Pictures in the entries below are excluded; copy only the lines from the one containing "(Standing in shallow" to the one containing "Algemene pathologie HC1", both included.

*** Block opens ***

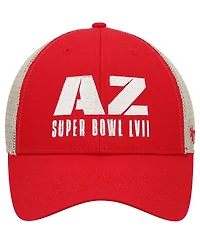 Men's '47 Brand Red, Natural Super Bowl Lvii Flagship Wash Mvp Snapback Hat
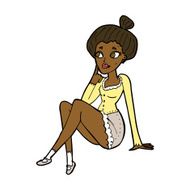 cartoon attractive woman sitting thinking N6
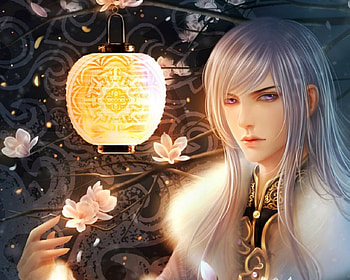 Handsome Guy, face, lantern, fantasy, man HD wallpaper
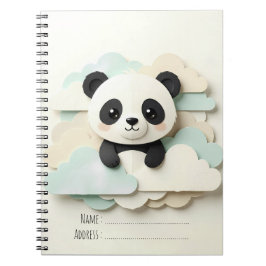 Zusammengefalteter Baby-Panda | Süße Origami  Notizblock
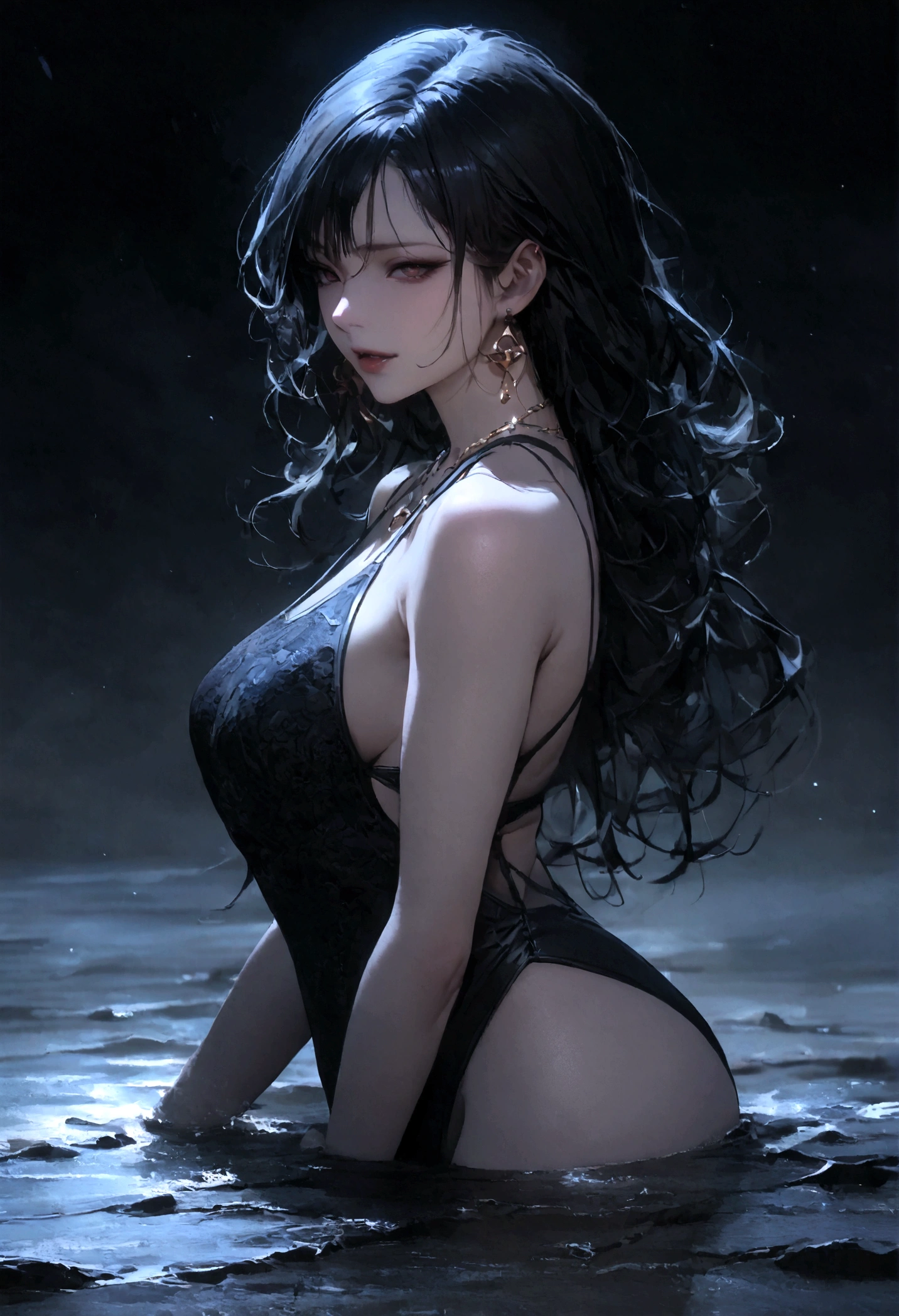 8k, masterpiece, RAW Photos, highest quality, Realistic, Very detailed, Depth of written boundary, Cinematic Light, Anatomically correct body,
One beautiful 40 year old woman, Very beautiful face, Exquisitely detailed face, (A seductive face:1.4), Very delicate skin texture, Transparent muscle, Shiny white skin, Glamorous Body,
(Wavy black long hair:1.2), (Sexy Breasts:1.1),
(Bold high-cut swimsuit:1.2), (Detailed cloth texture:1.2), (Gorgeous necklace:1.1), (Gorgeous earrings:1.1),
(Dark starry background:1.4), (Milky Way:1.1), (milky way:1.1), (shooting star:1.1), (Dark coastline at night:1.4), (Pitch black sea surface:1.4),
(Standing in shallow water on a sandy beach:1.2),
(Beautiful back view:1.2),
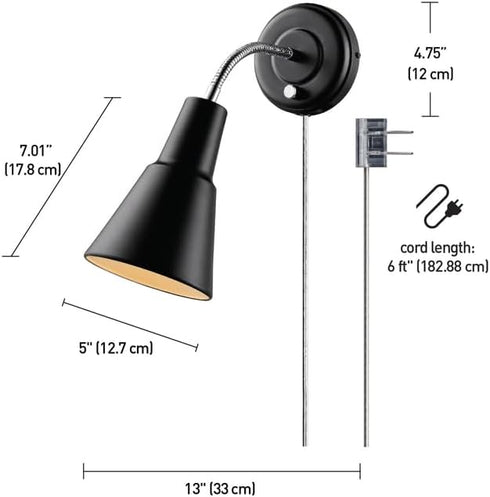 65312 Bulb Globe Electric Ramezay Gooseneck Sconce, Matte Black, Not Included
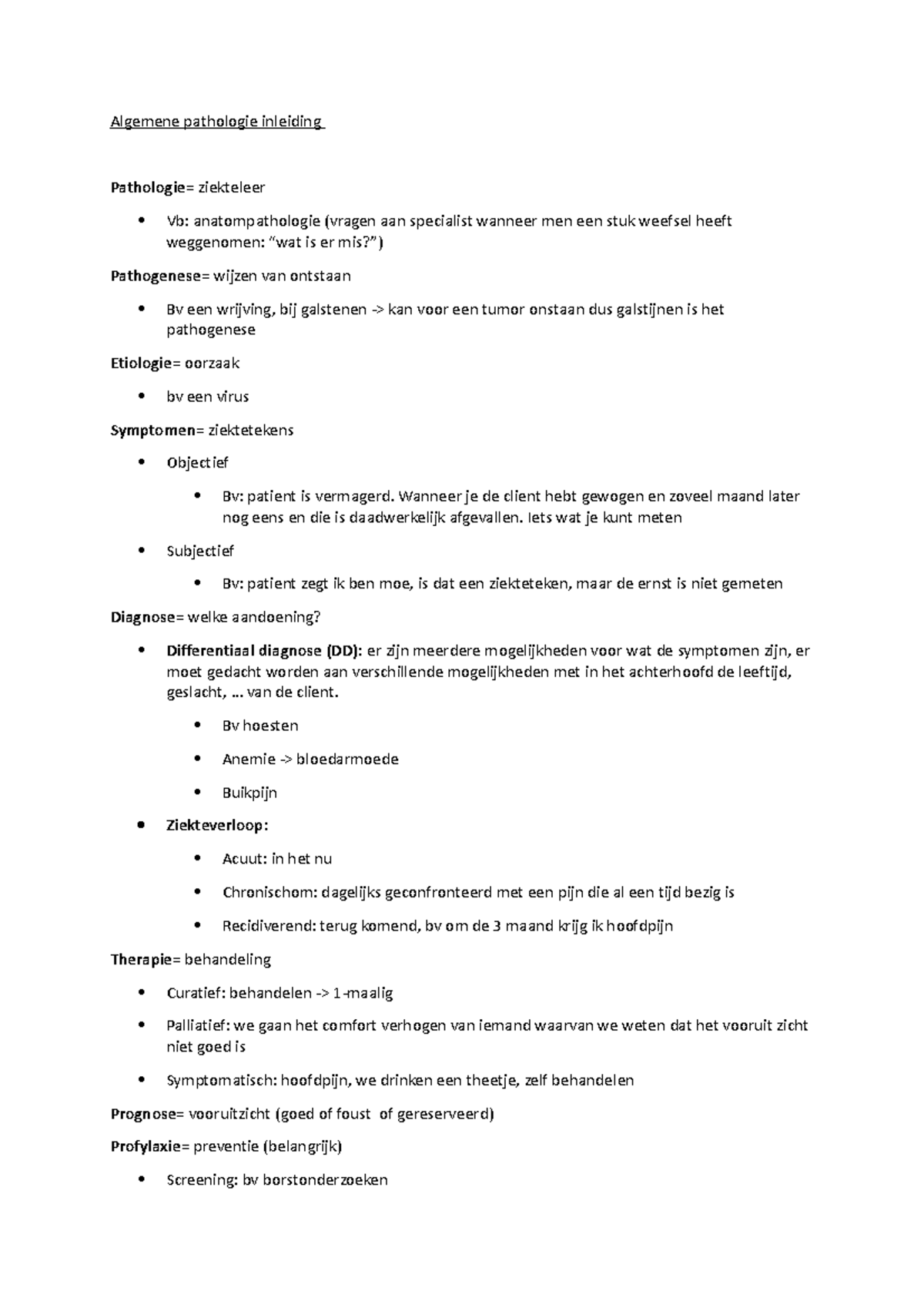 Algemene pathologie HC1 en HC2 - Algemene pathologie inleiding ...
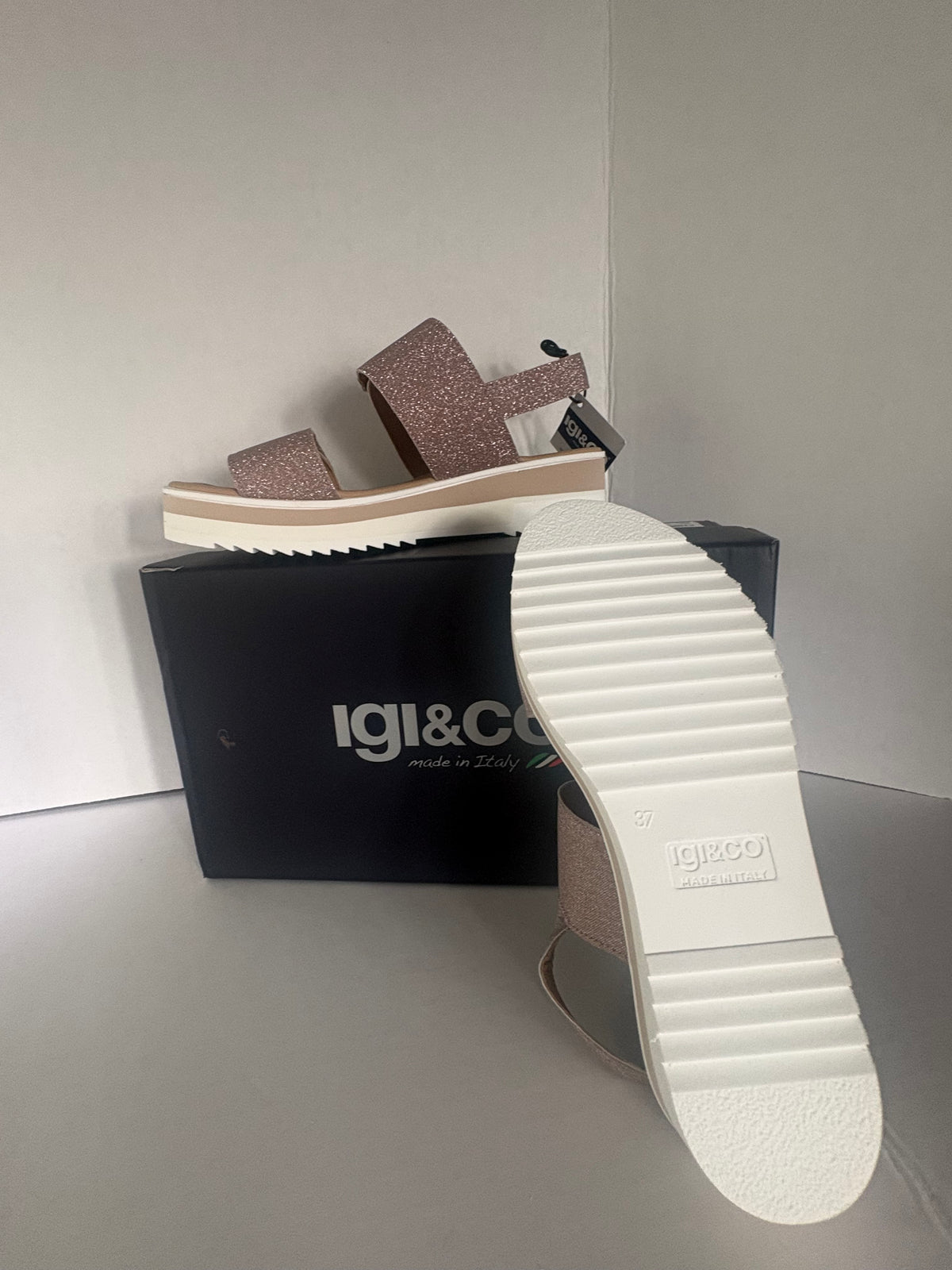 IGI&CO Women’s Glitter Platform Wedge Sandals – Blush – Size 6.5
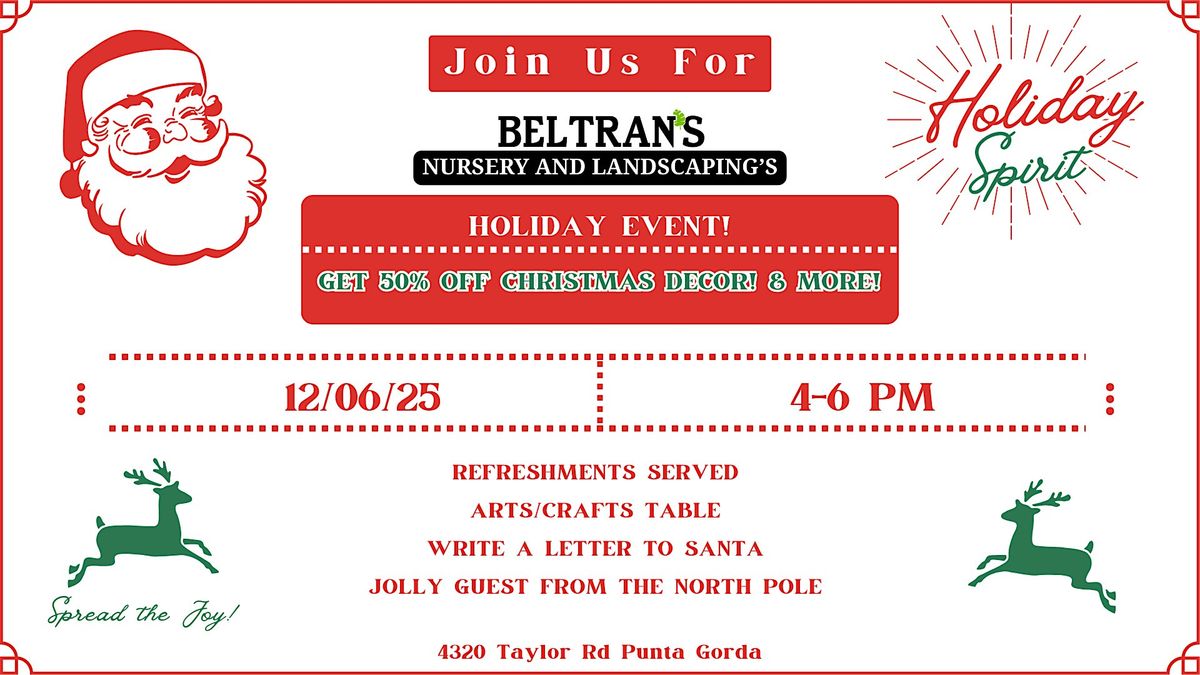 2025 Holiday Event at Beltran's Nursery in Punta Gorda, 6 December | Event in Punta Gorda | AllEvents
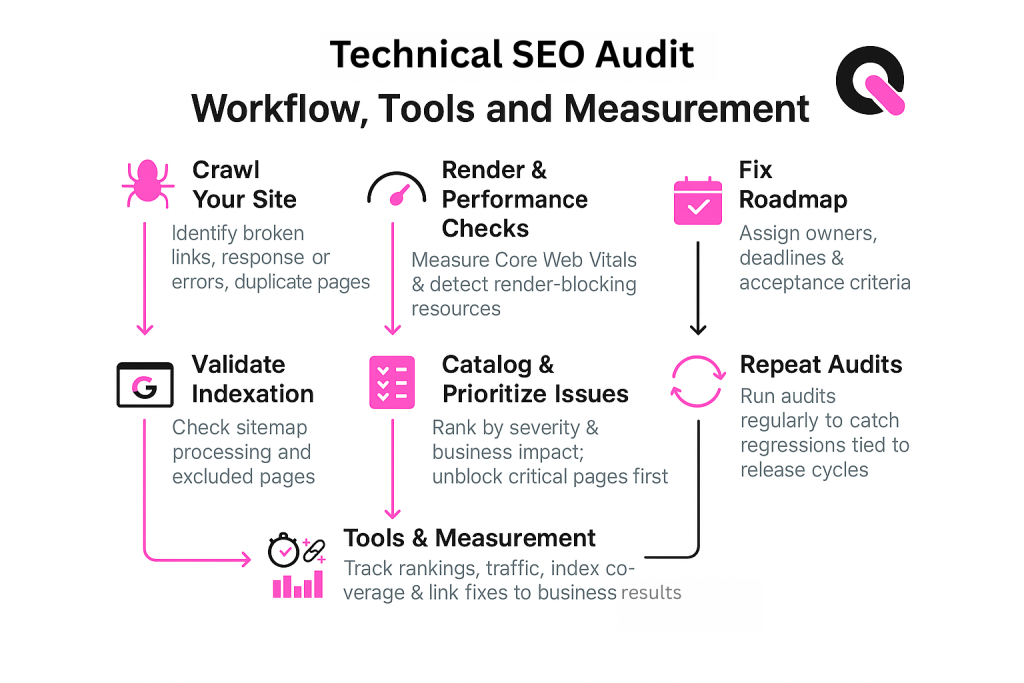 technical seo audit workflow tools and measurement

*** Block closes ***

▶ **SOLUTION TO THIS TASK**
(Standing in shallow water on a sandy beach:1.2),
(Beautiful back view:1.2),
 65312 Bulb Globe Electric Ramezay Gooseneck Sconce, Matte Black, Not Included
 Algemene pathologie HC1 en HC2 - Algemene pathologie inleiding ...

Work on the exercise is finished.